Short descriptive text snippets:
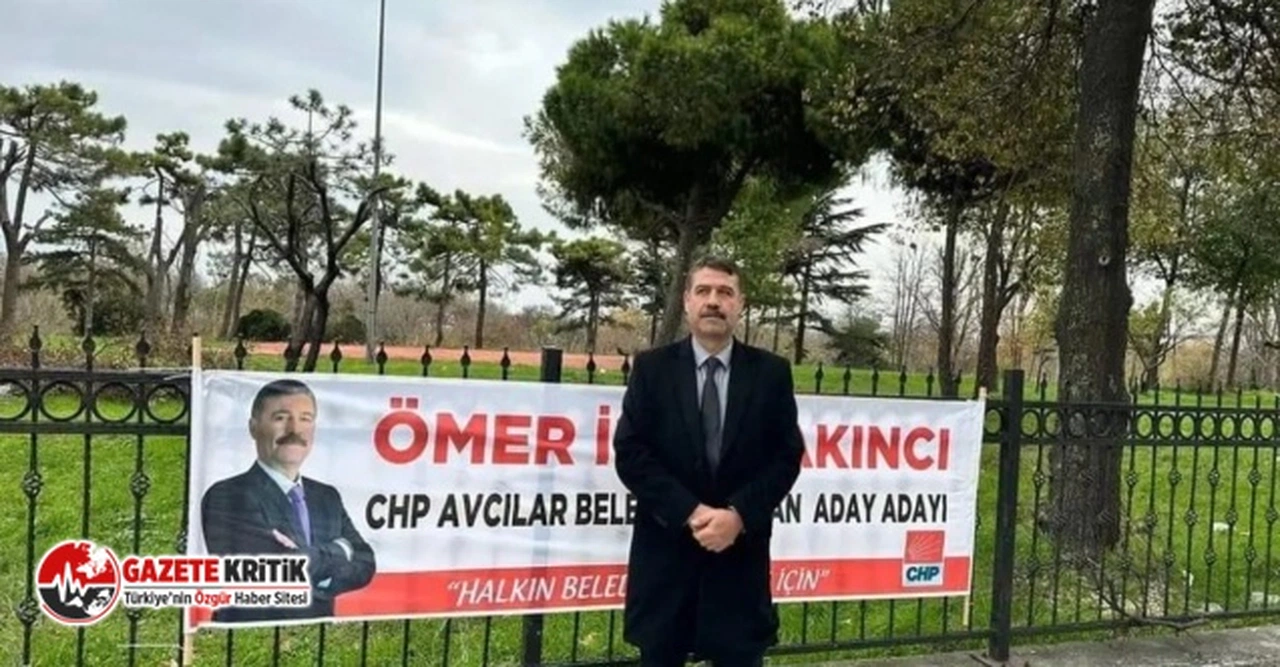 Avcılar'a ODTÜ'lü mühendis belediye başkan adayı
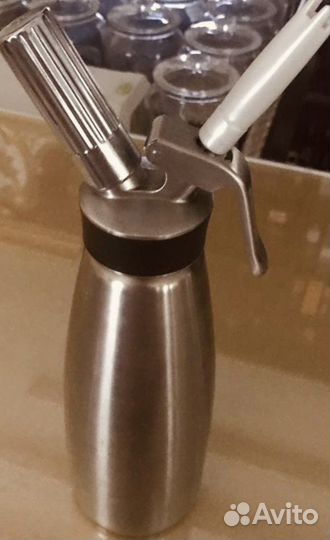 Сифон для сливок кондитерский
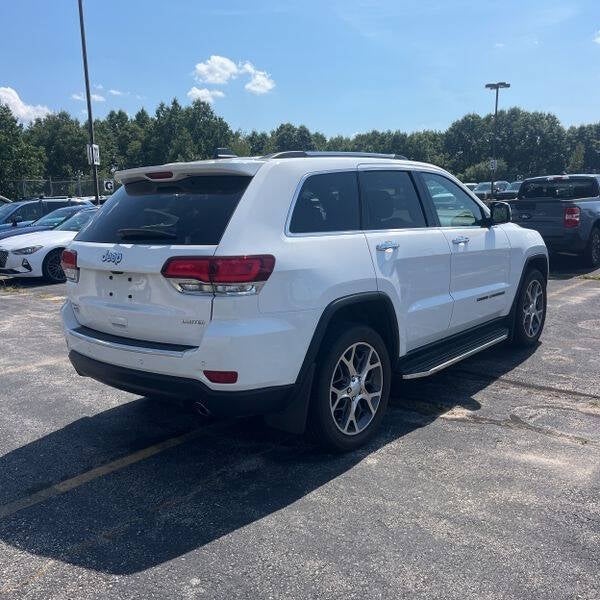 2020 Jeep Grand Cherokee Limited 4x4 4dr SUV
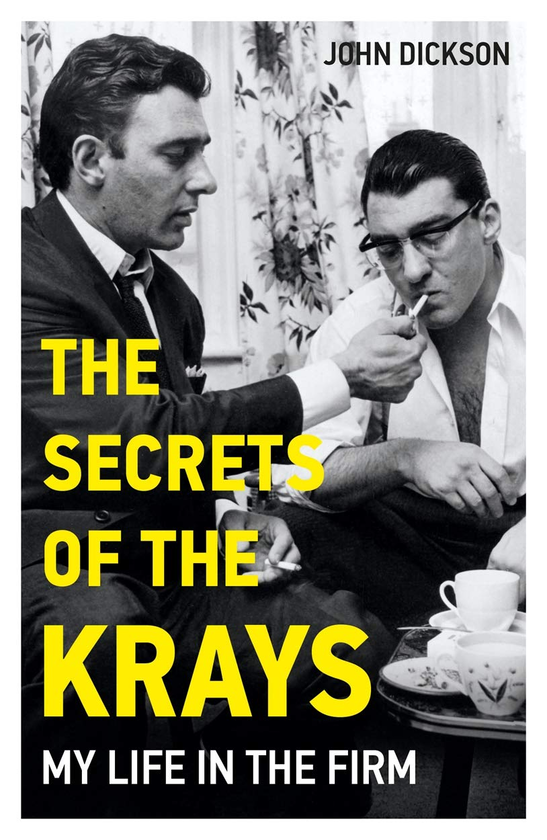 Бумажная книга «The Secrets of The Krays - My Life in The Firm», автор Джон Диксон Карр - фото №1
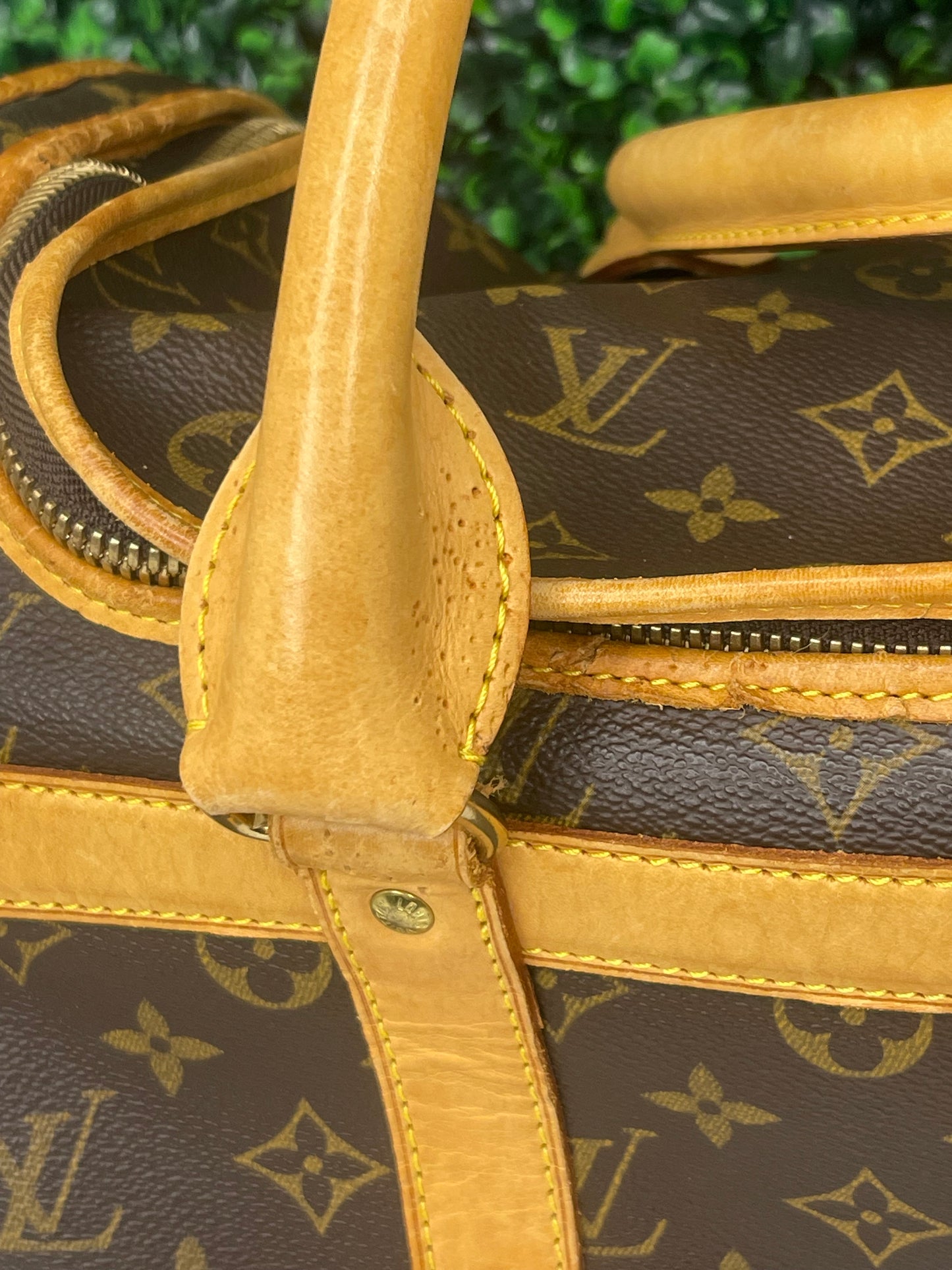 Preowned Louis Vuitton Monogram Sac Chien 40 Pet Carrier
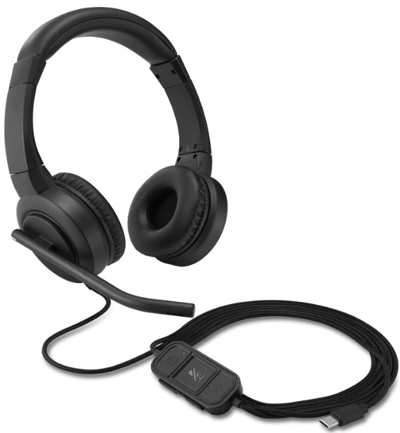 KENSINGTON KULAKLIK HEADSET H1000 USB-C SİYAH K83450WW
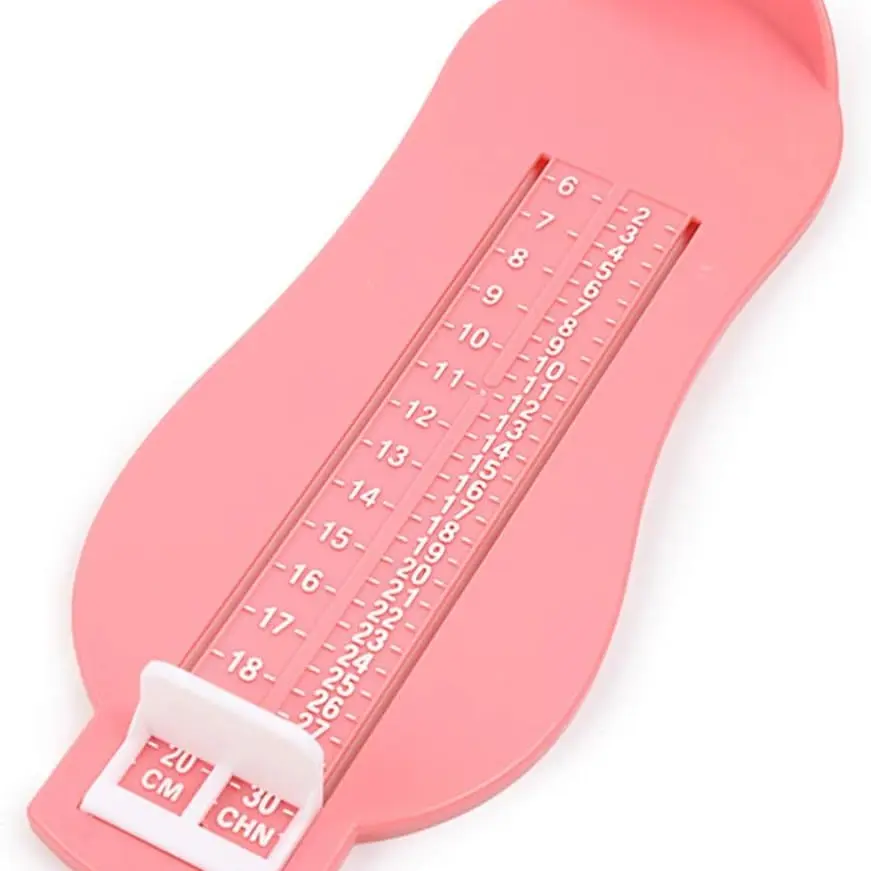 Baby Foot Measurement Tool, Child Shoe Size Measurer, Foot Length Gauge Kit, Accurate Sizing Device for Infants and Kids, Measuring Tool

- **TASK DETAILS**
The records above must be returned exactly, with each picture omitted.

- **SOLUTION TO THE PROBLEM**
 Avcılar'a ODTÜ'lü mühendis belediye başkan adayı
 Сифон для сливок кондитерский
 2020 Jeep Grand Cherokee Limited 4x4 4dr SUV
 Бумажная книга «The Secrets of The Krays - My Life in The Firm», автор Джон Диксон Карр - фото №1
 Preowned Louis Vuitton Monogram Sac Chien 40 Pet Carrier
 KENSINGTON KULAKLIK HEADSET H1000 USB-C SİYAH K83450WW
 Baby Foot Measurement Tool, Child Shoe Size Measurer, Foot Length Gauge Kit, Accurate Sizing Device for Infants and Kids, Measuring Tool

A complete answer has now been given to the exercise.